I just love reading Ginger's blog because she is so honest and I want to know the other perspective, and I want to be able to put myself in their shoes so that when we are placed we can keep that in mind and have some compassion and understanding (however limited that may be without being in their shoes for real) for what they are feeling and going through.
I have learned so much since we made the decision to adopt. I knew that it was hard for a first parent of course, but never realized some of the things that they think and go through. I never realized that some things are downright unethical. I've learned a ton about open adoptions. And how I want our adoption to work out has changed so much since I started reading other's blogs, getting onto adoption forums...it will probably continue to change and be different still when we do finally get placed. I just never realized how much misinformation I had until I started, or how the way you said things made such a big difference.

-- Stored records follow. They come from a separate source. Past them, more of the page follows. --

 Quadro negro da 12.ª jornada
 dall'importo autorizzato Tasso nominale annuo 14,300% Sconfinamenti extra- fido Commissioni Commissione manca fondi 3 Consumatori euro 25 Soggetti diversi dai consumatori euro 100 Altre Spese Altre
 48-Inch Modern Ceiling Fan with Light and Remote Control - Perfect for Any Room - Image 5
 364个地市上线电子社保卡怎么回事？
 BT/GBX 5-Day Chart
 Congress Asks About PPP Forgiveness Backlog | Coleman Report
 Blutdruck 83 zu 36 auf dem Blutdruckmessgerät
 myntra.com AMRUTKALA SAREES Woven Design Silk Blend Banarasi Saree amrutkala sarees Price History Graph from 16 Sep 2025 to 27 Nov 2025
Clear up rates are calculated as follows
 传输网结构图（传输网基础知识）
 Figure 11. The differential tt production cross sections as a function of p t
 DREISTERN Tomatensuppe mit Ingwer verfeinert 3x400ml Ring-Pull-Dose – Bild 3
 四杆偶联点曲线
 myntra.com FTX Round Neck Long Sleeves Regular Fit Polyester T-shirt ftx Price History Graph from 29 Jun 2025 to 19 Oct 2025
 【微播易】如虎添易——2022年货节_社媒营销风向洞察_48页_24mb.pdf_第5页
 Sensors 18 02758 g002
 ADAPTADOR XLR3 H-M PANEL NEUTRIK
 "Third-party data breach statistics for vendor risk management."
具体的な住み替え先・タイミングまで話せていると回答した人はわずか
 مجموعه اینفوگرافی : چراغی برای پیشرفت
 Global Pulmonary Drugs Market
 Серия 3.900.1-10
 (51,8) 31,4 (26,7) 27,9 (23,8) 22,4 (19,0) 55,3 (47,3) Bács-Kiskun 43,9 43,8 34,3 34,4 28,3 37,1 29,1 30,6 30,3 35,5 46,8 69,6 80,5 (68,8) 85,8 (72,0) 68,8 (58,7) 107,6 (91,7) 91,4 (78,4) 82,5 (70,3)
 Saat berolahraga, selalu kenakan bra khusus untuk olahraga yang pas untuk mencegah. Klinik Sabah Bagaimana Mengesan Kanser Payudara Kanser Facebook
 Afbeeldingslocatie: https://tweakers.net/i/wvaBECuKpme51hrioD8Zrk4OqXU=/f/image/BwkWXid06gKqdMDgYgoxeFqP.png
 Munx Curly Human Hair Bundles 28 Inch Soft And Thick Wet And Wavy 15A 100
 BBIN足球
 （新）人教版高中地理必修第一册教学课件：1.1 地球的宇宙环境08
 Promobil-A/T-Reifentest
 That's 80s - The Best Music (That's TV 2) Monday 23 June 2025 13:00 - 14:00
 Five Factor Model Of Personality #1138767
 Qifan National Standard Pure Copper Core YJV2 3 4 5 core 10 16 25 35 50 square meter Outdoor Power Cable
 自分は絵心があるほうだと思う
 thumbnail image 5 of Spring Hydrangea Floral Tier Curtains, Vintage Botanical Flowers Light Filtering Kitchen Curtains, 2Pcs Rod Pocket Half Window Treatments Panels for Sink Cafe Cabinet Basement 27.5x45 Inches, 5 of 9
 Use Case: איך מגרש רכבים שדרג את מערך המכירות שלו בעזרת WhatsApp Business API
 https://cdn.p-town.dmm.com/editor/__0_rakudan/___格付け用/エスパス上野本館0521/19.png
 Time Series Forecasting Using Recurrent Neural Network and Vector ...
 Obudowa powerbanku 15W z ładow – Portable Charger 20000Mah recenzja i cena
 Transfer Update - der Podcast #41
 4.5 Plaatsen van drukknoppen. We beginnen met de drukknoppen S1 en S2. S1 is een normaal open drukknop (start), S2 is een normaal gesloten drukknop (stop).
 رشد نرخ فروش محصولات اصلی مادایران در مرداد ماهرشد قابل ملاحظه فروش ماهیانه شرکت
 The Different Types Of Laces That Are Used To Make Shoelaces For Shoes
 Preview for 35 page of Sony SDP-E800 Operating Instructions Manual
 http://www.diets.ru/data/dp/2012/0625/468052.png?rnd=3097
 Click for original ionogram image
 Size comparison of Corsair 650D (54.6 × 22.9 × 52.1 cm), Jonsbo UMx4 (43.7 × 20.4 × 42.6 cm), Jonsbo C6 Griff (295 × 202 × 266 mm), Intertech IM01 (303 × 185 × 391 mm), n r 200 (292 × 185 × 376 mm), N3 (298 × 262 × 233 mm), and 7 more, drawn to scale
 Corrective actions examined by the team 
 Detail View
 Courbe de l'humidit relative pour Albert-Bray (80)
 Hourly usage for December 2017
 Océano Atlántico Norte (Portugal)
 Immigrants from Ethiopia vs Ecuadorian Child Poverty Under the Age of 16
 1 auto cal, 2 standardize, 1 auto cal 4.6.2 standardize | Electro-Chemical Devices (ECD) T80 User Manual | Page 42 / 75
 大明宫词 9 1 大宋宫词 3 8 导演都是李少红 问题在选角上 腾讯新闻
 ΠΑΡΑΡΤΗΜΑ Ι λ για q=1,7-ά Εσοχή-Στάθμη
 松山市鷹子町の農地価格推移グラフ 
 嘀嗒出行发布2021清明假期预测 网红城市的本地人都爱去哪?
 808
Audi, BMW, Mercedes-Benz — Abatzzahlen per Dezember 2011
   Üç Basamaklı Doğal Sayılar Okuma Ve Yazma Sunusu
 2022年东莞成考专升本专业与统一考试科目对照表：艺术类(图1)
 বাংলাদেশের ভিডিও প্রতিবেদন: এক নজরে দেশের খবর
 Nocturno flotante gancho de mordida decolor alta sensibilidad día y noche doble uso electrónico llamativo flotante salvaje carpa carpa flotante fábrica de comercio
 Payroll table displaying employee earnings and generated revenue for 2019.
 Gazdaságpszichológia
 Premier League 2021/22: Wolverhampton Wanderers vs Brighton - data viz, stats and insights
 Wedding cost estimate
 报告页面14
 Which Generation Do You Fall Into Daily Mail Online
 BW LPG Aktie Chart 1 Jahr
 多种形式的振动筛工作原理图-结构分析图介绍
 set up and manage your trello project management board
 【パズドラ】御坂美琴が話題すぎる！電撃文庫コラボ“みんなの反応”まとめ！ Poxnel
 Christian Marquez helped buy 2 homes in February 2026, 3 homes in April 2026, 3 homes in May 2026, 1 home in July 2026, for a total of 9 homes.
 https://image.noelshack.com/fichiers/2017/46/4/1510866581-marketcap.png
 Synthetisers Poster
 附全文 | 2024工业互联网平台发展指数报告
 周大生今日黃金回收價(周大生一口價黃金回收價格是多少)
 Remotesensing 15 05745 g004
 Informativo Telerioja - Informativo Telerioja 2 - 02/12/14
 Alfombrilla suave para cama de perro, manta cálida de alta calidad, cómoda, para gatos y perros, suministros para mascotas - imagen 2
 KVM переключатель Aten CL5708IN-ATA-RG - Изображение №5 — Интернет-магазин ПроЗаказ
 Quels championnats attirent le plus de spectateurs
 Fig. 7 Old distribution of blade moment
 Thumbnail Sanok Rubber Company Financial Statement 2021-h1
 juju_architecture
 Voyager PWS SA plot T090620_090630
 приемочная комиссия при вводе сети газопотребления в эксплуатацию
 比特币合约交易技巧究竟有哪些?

Thank you if you've read this far. It is our adoption blog, and I know I put a lot in this post about my feelings relating to my infertility, but that is how we ended up on this adoption journey and I feel it's still relevant. It's a part of who we are, and has shaped quite a bit of how we feel about things. Shoot, the week isn't even over, but I'm hoping that getting this off of my chest will allow me to refocus on our adoption plans, our next fundraiser, and put this behind me so I can just be truly happy for my friend and jealous in the least.